Alabama State Conference of the NAACP v. Alabama
264 F. Supp. 3d 1280
M.D. Ala.2017Background
- Alabama elects appellate judges at-large statewide; African-Americans are ~26% of the population but have almost never won at-large appellate elections absent gubernatorial appointment.
- Plaintiffs (Alabama NAACP and four Black Alabama voters) sued under Section 2 of the Voting Rights Act seeking declaratory and injunctive relief to replace at-large appellate judicial elections with single-member districts.
- Defendants (State of Alabama and Secretary of State) moved to dismiss under Fed. R. Civ.
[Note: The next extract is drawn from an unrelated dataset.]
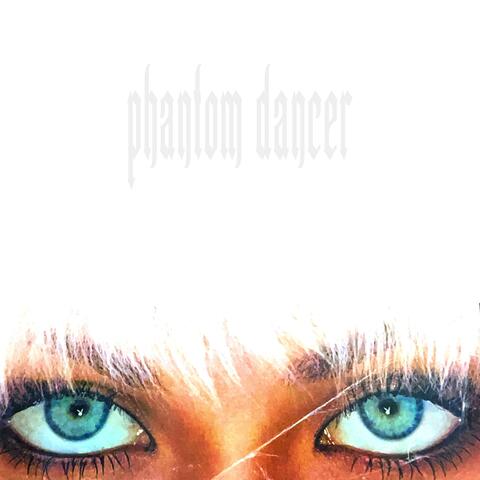 Senescence album art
P. 12(b)(6), arguing plaintiffs failed to plead a viable remedy, the State’s interests outweigh any claimed dilution under the totality of circumstances, and that plaintiffs lack standing or are barred by sovereign immunity.
- The court applied the Twombly/Iqbal pleading standard and Section 2/Gingles framework (including Eleventh Circuit precedent requiring a remedy as part of the prima facie case).
- The district court denied the motion to dismiss, holding plaintiffs adequately pleaded a plausible remedial proposal (subdistricting), standing for both individual plaintiffs and the Alabama NAACP, and that the State is not immune from Section 2 suits by private litigants.
Issues
| Issue | Plaintiff's Argument | Defendant's Argument | Held |
|---|---|---|---|
| Remedy requirement at pleading stage | Plaintiffs need only plead Gingles factors; remedy can wait | Defendants: Eleventh Circuit requires pleading a proper remedy (no subdistricting) | Court: Plaintiffs must plead a facially plausible remedy here; they did (subdistricting plausible at this stage) |
| Viability of subdistricting as remedy | Subdistricting can remedy dilution for appellate courts | Defendants: Eleventh Circuit precedent forecloses subdistricting (Nipper/SCLC/Davis/White) | Court: Prior cases focused on trial courts or did not decide the issue; cannot dismiss now—fact-intensive inquiry needed |
| Totality-of-the-circumstances defense | Plaintiffs: totality inquiry requires evidence; premature on motion to dismiss | Defendants: State’s interest in current system outweighs any dilution; warrants dismissal | Court: Totality inquiry is fact-intensive and inappropriate on 12(b)(6); dismissal denied |
| Standing & Eleventh Amendment immunity | Plaintiffs: individual voters and NAACP have standing; Section 2 abrogates state immunity | Defendants: Plaintiffs lack individualized injury; Alabama immune under Eleventh Amendment | Court: Individuals plausibly allege injury; NAACP meets organizational standing; Section 2 law and precedent support that Congress abrogated state immunity for VRA claims—State not immune |
Key Cases Cited
- Thornburg v. Gingles, 478 U.S. 30 (1986) (established the three-factor preconditions for Section 2 vote-dilution claims)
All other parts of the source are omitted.